> Records to process:
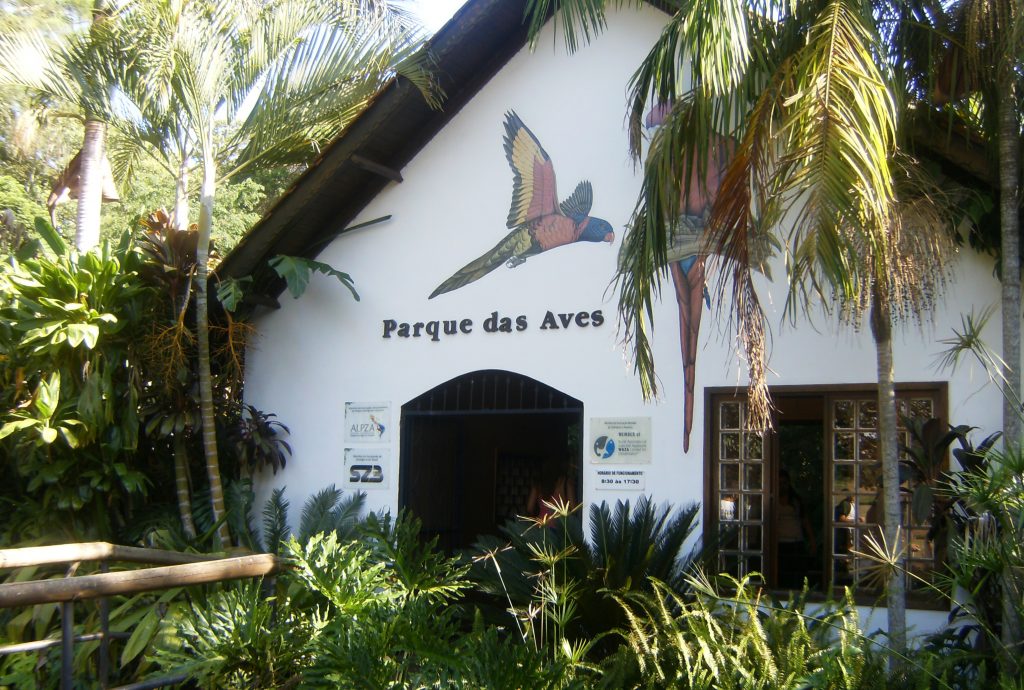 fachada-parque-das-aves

* * *

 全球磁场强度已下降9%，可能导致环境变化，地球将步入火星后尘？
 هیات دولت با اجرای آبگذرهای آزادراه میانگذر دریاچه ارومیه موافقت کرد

> Aim of the task: The expected output is exactly the lines of the listing above between the line holding "全球磁场强度已下降9%，可能导致环境变化，地球将步入火星后尘？" and the line holding "هیات دولت با", inclusive.

> Response area:
 全球磁场强度已下降9%，可能导致环境变化，地球将步入火星后尘？
 هیات دولت با اجرای آبگذرهای آزادراه میانگذر دریاچه ارومیه موافقت کرد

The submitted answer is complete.